I considered that while picking up the soap again. “I guess not.”
“Exactly. Speaking of which, I need your intel. If you stay in that shower too long, they’re gonna get suspicious.”
I knew Erica was right, but I wasn’t ready to move on quite yet. “How long are you expecting me to stay here?”
“As long as it takes you to figure out what SPYDER’s plotting.”
“What if that takes a year? I’ll be stuck here that whole time!”
“You’re not the only one making sacrifices here. I’m AWOL from school. And while you’ve got a bed, a rec center, and fresh groceries every day, I’m crammed in a surveillance vehicle with my father and grandfather, living on fast food and sleeping on the passenger seat.”
“At least it was your decision to do this,” I said bitterly.
“Listen,” Erica told me, “we knew SPYDER was plotting something big, we knew something had to be done about it, and we couldn’t trust the CIA to handle it without tipping off the enemy. Like it or not, you’re the best option we had. Now, if you succeed, Granddad will be able to go to the Agency, tell them what we’ve done, get both of us reinstated at the academy, and probably even swing us some distinguished service medals to boot. You’ll make a bigger impression on the top brass at Central Intelligence with this one mission than most students will make in six whole years of spy school. So drop the sad sack act and let me know what you’ve learned.”
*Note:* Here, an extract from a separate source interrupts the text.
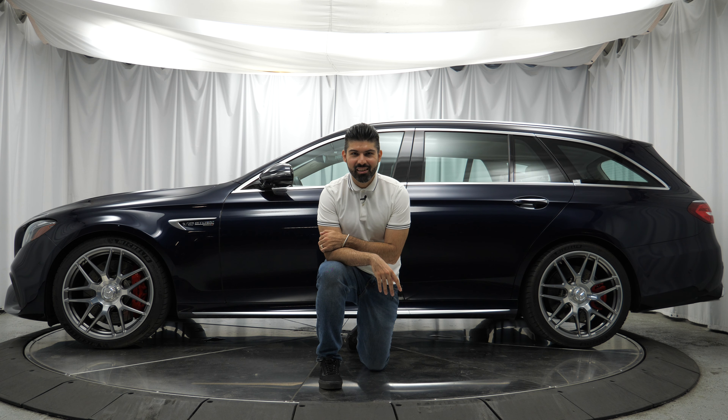There you got a dose of the V8 in this E63 S Wagon. Let me know what you think of it in the comments below.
I sighed. “All right. I guess you’ve realized that SPYDER controls this whole community.”
“Yes. We’ve scoped it out thoroughly.”
“Did you know Joshua Hallal was still alive?”
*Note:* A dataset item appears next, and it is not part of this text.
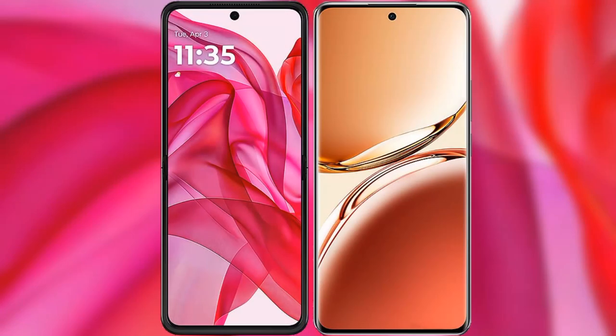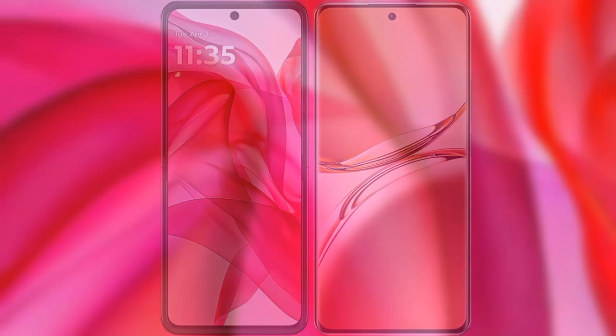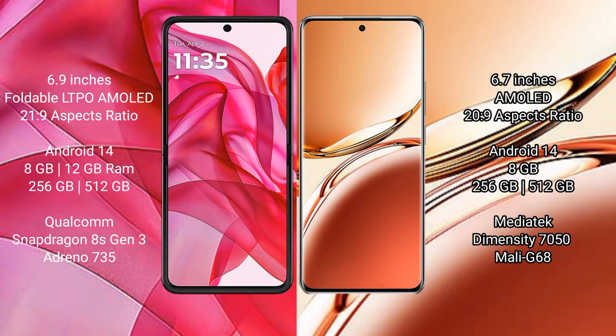I will compare the new Motorola RAZR 50 Ultra with Oppo F27 Pro Plus. The Motorola RAZR 50 Ultra comes with a 6.9-inch foldable LTPO AMOLED display and an aspect ratio of 21:9. The Oppo F27 Pro Plus features a 6.7-inch AMOLED display with an aspect ratio of 20:9.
“Not until he showed up at your middle school. He doesn’t look so good.”
r /> I was surprised by Erica’s lack of emotion here—even though Erica had raised lack of emotion to an art form. I was relatively sure that, back before Joshua Hallal had left spy school, Erica had had a crush on him, if not even stronger feelings. And yet her reaction had betrayed none of this. I might as well have told her that I’d seen a squirrel, as opposed to a crush-turned-enemy risen from the dead.
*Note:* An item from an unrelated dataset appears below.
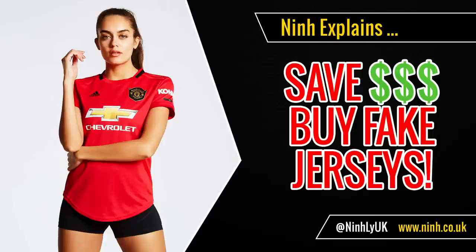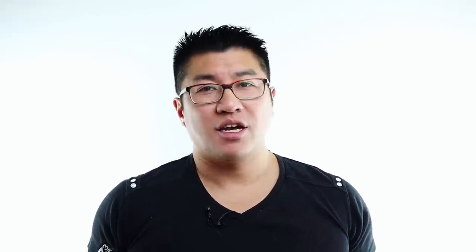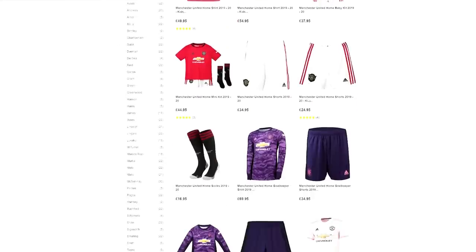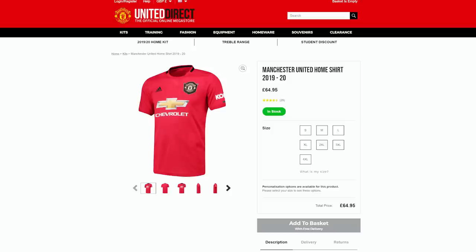This video explains how to save yourself a load of money by buying fake sports jerseys. As sports fans we know that if we're to buy jerseys they're going to cost an arm and a leg. And effectively they're just glorified t-shirts, so I don't understand why they're so expensive. I know teams have to make money somehow, but come on, look at the price of these things.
I decided not to dwell on it. There was too much else to discuss and my skin was starting to pucker. “Are you aware SPYDER has a whole underground complex here?”
Erica didn’t answer right away, which was as close as she ever came to admitting I knew something that she didn’t. “Where?”
“Under the rec center. There’s a secret entrance in the rock wall.”
“What do they have down there?”
“There’s a conference room and a kitchenette with a sundae bar . . . .”
“Really?”
“Yeah. With toppings and everything. And then there’s some sort of control center. Joshua ran Murray’s extraction from there the other night, but I’m sure it must be for more than that. I saw him programming something in Russian.”
“What was it?”
“I don’t know. I can’t read Russian.”
“Since when?”
“Since always.”
“That’s inconvenient,” Erica said in a tone that left no doubt in my mind that she could speak Russian—and had probably been doing it since she was three. “Did you see anything you could read?”
“A couple numbers, although I don’t know what they could mean.”
“What were the numbers?” Erica didn’t even ask if I remembered them. She knew I had.
I repeated them from memory. She wrote them down, then asked, “What did he do then?”
“He downloaded everything to a flash drive and stuck it in a safe.”
“What kind of lock did the safe have?”
“A fifteen-digit electric combination lock.”
“Did you see him enter the combination?”
“No. His body was blocking my line of sight.”
“Do you have any idea what SPYDER’s plans are?”